JPH04100654A - Surface treating method for casting mold - Google Patents

Abstract

PURPOSE:To remove an excess coating material on a mold surface and to obtain the casting mold for manufacturing a product having good casting surface and releasing from the mold, etc., by fluidizing the medium material of the specific grain diameter of powdery body as main substance, arranging the mold in this fluidized bed, bringing it into contact with the medium material and removing a surface layer on the mold. CONSTITUTION:The medium materials 2 consisting essentially of the granular bodies having the average grain diameter to more than half of average hole diameter of gaps, which is present on the surface 4 in the casting mold, and smooth surface at least on a part of the surface, are fluidized with fluidized gas to form a fluidized bed. In the formed fluidized bed, the casting mold is arranged and the mold and the fluidized medium material 2 are relatively shifted and by bringing the mold into contact with the medium material 2, the surface layer 4 on the mold is removed. Then, as the furidized gas, air, nitrogen, oxygen or inert gas is used.

Description

[Detailed Description of the Invention] [Industrial Application Field] The present invention provides a method for surface treatment of a casting mold for improving the casting surface and mold separation of the product by removing the surface layer of the casting mold. Regarding.

(Prior Art) In molds for metal casting, for example, sand molds, the size of sand used is relatively coarse in view of the strength of the mold, air permeability, etc. Therefore, during casting, the molten metal is inserted into the gaps in the molding sand on the surface of the mold, causing "aiming", rough casting surfaces, and poor release from the mold. Furthermore, some castings are made into products with the surface as cast, that is, with the cast surface as is, and the roughness of the surface of the casting may affect its value.
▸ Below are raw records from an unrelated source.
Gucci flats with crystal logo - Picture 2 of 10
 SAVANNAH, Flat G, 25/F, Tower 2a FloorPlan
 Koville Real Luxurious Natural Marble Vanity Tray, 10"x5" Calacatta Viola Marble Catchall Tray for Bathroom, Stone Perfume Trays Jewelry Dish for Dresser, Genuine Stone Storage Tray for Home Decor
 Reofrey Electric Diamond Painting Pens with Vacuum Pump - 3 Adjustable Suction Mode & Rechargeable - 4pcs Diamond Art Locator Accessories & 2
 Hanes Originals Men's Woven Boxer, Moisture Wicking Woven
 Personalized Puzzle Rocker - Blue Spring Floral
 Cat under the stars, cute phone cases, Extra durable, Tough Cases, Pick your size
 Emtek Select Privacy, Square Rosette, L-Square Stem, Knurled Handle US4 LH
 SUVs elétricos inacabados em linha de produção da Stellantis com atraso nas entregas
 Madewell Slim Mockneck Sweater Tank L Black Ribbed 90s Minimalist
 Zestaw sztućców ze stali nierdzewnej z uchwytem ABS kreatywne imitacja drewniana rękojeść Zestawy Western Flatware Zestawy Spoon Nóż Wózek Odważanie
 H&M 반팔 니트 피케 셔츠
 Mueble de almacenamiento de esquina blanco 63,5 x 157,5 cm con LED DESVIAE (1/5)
In general, the finer the grain, the more accurate it is.
The appearance is said to be good.

However, it is possible to uniformly process the complex-shaped mold surface,
Until now, there was no way to obtain fine-grained, high-precision molds.

Therefore, we add alcohol, water, etc. to fine sand, etc., and if necessary, add a binder to form a slurry, which is coated onto the surface of the mold in a wet manner by brushing, spraying, dipping, etc. This is a commonly used method to improve the casting surface.

However, when coating the mold surface with a wet coating material,
Although the casting surface becomes clean, a drying process is required, and cracks and blisters occur in the coating material during drying, making it easy for the coating material to peel off. Furthermore, in the case of a coating material that easily absorbs moisture, etc., the drying process is time-consuming, increasing the number of steps and increasing costs. Furthermore, if drying is insufficient, moisture etc. adsorbed in the coating material during casting may evaporate and gas defects may occur. In addition, there was a problem in that the coating material sagged at the edges of the mold due to surface tension, making it difficult for the coating material to have a uniform thickness, which affected the dimensional accuracy of the product.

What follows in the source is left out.